Si arriva così alla notte tra il 15 e il 16 durante la quale l’Esecutivo della CGIL decide di ordinare la ripresa del lavoro per l’indomani.
Ma l’Esecutivo Confederale, non pago di ciò, alle una di notte torna nuovamente a Canossa e, nelle persone di Di Vittorio, Bitossi, Santi.
Enrico Parri e Canini, dopo la riunione notturna, chiede di essere ricevuto ancora da De Gasperi; ma questi vuole ulteriormente umiliarli e incarica di riceverli il vicepresidente Piccioni ed il Ministro Fanfani in un colloquio che dura sino alle 2,10 della notte.
Interrogato dai giornalisti, Di Vittorio dichiara:
“Il Comitato  Esecutivo Confederale ha deciso la cessazione dello sciopero alle ore 12 di oggi. A quell’ora riprenderà il lavoro in tutta Italia… L’Esecutivo si è assunto la responsabilità di dichiarare la cessazione dello sciopero, pur sapendo che la maggior parte delle C.d.L. ne avevano chiesto la continuazione”…

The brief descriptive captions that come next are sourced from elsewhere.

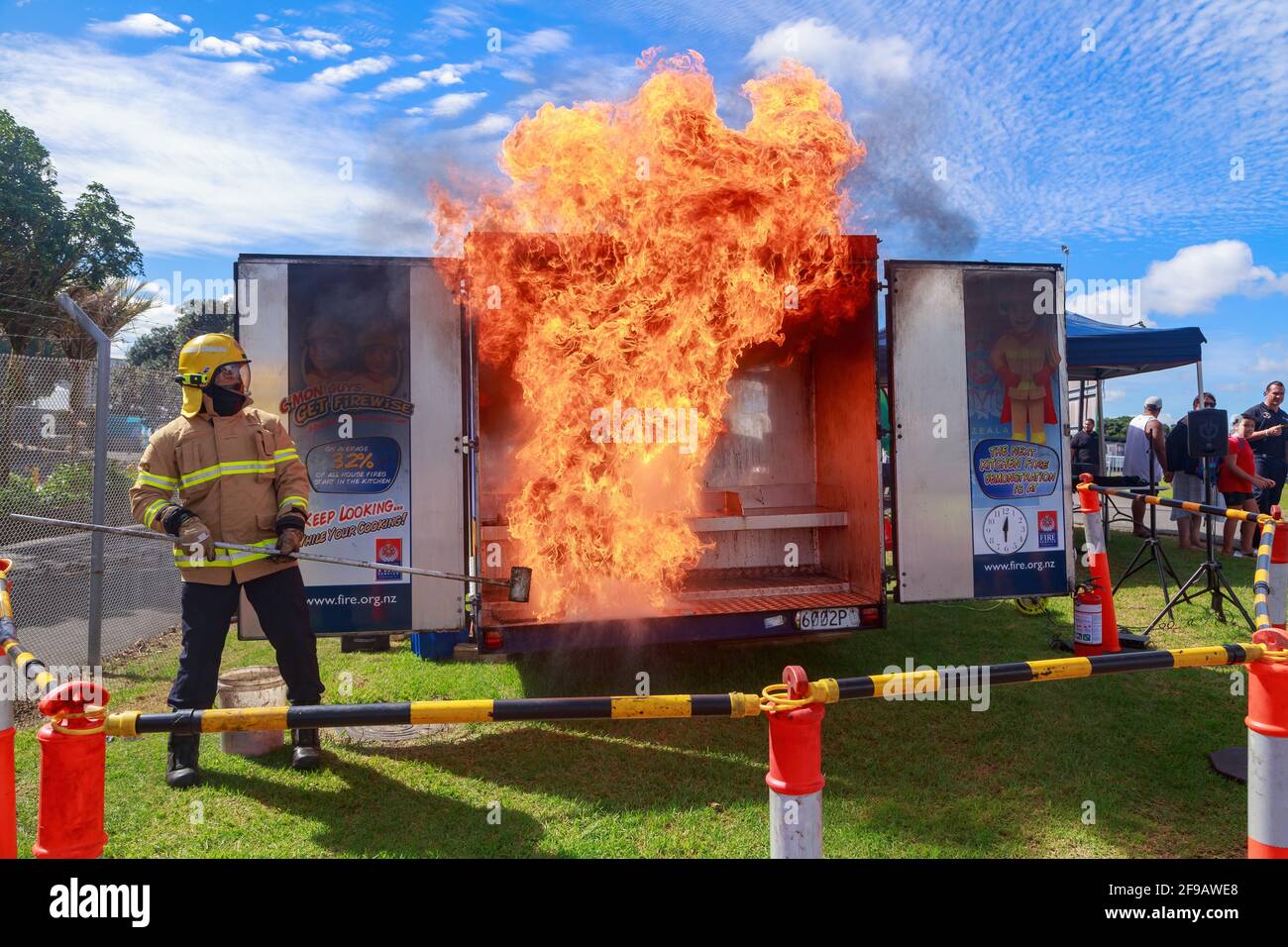Un pompier, démontrant ce qui se passe si de l'eau est jetée sur un feu de pétrole, crée une énorme boule de feu. Démonstration de sécurité à Auckland, Nouvelle-Zélande Banque D'Images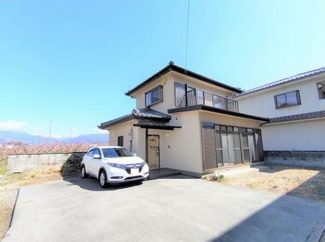 【外観】 | 山梨市下栗原 フルリフォーム済の3LDK 敷地面積241.96平米 建物面積82.80平米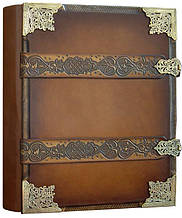 Фотоальбом у шкіряній палітурці з латунними куточками і замками "Cara"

Ma anche tali affermazioni di lealismo legalitario non saranno sufficienti ad impedire la repressione che il Governo, per mezzo del Ministro degli Interni Scelba, attuerà nei giorni e nei mesi successivi al 14 luglio.. La paura dei monopoli per lo slancio dimostrato dalle masse in quei giorni era stata troppo grande per non dover prendere drastici provvedimenti.
I due anni e mezzo che seguiranno, e cioè sino alla fine del 1950, vedranno 62 lavoratori uccisi quasi sempre in veri e propri eccidi, 3.126 lavoratori feriti e ben 92.169 proletari arrestati per motivi politici (di cui 19.306 condannati a complessivi 8.441 anni di carcere).
Per i soli fatti del 14 luglio risultavano alla metà di agosto denunciati o arrestati 7.000 lavoratori (tra cui 1.800 in Toscana, 992 nelle Puglie e 800 in Sicilia). Inoltre la Polizia e la Magistratura instaurano migliaia di processi per fatti avvenuti nell’epoca partigiana; e questo nei mesi in cui vengono scarcerati anche i più grossi dirigenti repubblichini.